%%

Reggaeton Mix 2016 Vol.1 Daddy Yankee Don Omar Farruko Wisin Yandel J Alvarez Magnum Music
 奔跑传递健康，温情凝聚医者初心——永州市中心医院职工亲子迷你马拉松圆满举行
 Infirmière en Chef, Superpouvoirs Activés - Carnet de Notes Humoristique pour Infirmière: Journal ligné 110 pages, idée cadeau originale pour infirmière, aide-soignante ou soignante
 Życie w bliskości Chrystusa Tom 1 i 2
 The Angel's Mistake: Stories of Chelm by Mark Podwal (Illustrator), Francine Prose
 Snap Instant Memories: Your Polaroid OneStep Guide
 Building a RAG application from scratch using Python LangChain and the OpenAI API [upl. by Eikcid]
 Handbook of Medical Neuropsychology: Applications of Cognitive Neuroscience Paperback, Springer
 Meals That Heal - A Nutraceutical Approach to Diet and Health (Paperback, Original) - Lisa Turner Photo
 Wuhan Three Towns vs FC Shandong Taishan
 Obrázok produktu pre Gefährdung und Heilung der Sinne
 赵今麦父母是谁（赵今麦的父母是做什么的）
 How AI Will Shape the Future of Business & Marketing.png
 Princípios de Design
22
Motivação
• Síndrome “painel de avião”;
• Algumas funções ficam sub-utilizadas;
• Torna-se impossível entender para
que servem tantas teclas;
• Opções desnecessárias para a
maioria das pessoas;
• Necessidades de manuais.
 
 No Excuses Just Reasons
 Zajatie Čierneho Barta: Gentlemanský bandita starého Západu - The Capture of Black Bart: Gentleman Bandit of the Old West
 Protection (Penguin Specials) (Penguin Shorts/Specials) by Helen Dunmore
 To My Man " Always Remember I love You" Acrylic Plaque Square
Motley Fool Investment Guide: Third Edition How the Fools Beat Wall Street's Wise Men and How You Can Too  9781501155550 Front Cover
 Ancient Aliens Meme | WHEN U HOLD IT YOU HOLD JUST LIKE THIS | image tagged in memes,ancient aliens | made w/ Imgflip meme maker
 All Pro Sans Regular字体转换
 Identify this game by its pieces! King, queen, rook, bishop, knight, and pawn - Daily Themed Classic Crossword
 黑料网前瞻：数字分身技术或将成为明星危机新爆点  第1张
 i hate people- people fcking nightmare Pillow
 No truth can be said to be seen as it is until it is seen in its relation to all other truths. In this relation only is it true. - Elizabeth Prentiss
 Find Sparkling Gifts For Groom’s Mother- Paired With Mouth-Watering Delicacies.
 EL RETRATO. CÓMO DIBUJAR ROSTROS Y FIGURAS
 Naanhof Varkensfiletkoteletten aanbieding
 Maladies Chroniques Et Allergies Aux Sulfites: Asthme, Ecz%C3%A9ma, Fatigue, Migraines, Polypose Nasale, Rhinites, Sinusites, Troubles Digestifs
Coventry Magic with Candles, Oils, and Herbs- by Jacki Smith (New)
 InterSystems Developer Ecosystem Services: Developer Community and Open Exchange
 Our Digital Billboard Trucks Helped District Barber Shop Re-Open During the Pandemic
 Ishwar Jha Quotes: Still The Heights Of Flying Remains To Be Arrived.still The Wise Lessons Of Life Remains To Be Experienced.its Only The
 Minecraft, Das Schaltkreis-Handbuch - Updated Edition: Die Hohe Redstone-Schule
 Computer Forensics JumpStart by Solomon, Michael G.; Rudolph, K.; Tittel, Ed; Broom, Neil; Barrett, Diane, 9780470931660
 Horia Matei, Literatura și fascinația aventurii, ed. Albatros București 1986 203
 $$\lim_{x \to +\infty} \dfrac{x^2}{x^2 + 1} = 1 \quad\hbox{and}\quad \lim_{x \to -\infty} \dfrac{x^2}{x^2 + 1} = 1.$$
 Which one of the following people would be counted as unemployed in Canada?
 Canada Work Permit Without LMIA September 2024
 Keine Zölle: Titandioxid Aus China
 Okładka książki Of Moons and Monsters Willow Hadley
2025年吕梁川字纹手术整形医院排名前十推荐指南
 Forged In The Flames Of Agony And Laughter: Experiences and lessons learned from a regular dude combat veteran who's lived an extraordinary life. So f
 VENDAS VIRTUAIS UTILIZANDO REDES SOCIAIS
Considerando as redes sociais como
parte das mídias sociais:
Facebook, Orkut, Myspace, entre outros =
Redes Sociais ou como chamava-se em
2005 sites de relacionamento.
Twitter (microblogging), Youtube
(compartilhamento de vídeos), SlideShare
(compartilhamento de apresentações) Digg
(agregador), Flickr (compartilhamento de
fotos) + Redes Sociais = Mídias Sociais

%%

**TO DO:** Every line above with the string "compartilhamento" in it should be copied into the answer.

**ANSWER TO THE PROBLEM:**
(compartilhamento de vídeos), SlideShare
(compartilhamento de apresentações) Digg
(agregador), Flickr (compartilhamento de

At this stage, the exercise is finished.